Molmo — fully open VLM (Sep 2024)

Allen AI released weights + data + code + evals. Architecture: per-patch CLIP → connector → LLM. Outputs include grounded points, e.g. <point x="63.5" y="44.5" alt="Mt Rainier">Mt Rainier</point>.

• PixMo dataset: 700K image-text pairs (vs LLaMA 3.1V’s 6B). Quality over quantity — collected by having annotators speak 60-90s descriptions then transcribing (“people don’t like to type… but they love to talk”).
• Results: Molmo 72B academic 81.2 (beats Qwen-VL2 79.4, GPT-4o 78.5).
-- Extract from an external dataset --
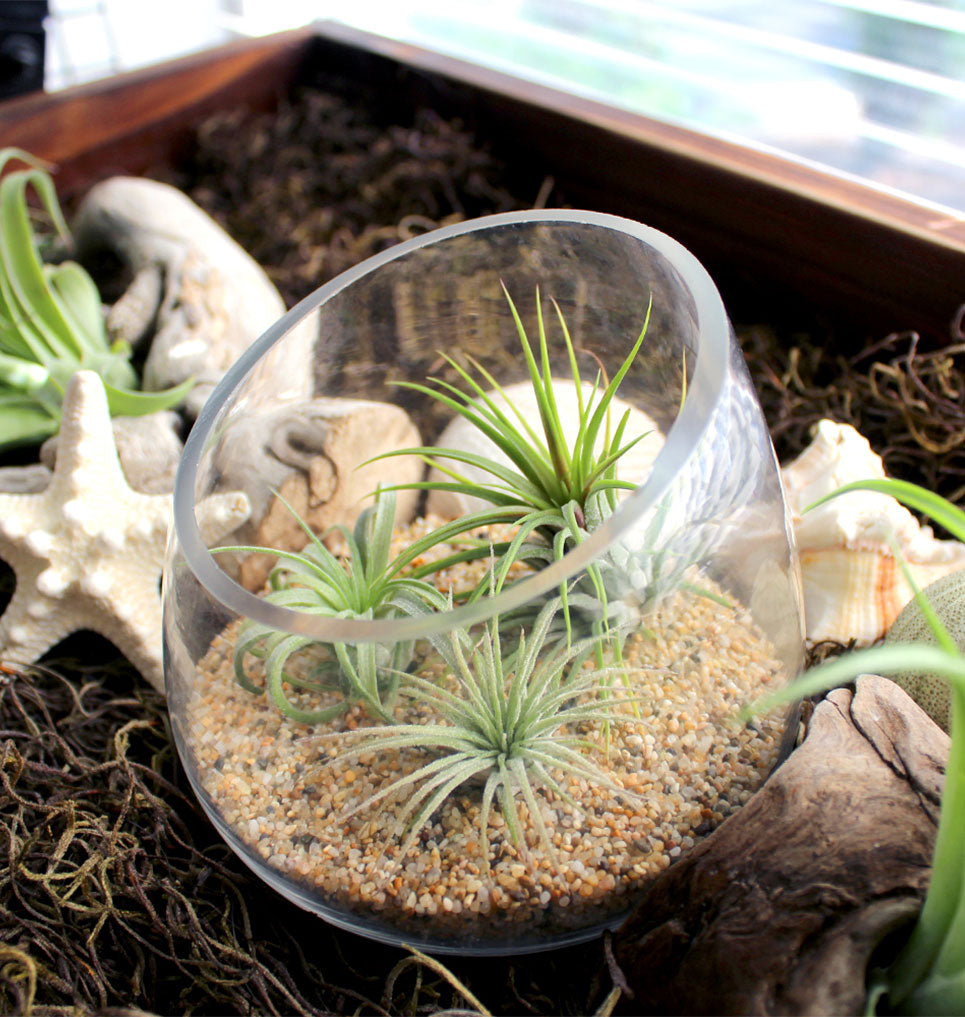 Glass bowl planter displayed with 3 air plants and beach sand.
Human Elo: Molmo 72B = 1076 (2nd, just behind GPT-4o 1079; beats Gemini 1.5 Pro, Claude 3.5 Sonnet). Molmo 7B-D Elo 1056 beats Gemini 1.5 Flash, GPT-4V, Qwen-VL2 72B.
• Pointing: outputs grounded coordinates, enabling chaining with SAM (e.g. point at cricket bat → SAM segments it). Demo: molmo.allenai.org.

Source

CS231n 2025 Lec 16 slides ~111–131 (LLaVA recipe, Flamingo Perceiver Resampler + Gated XATTN-DENSE, Molmo + PixMo + Elo results).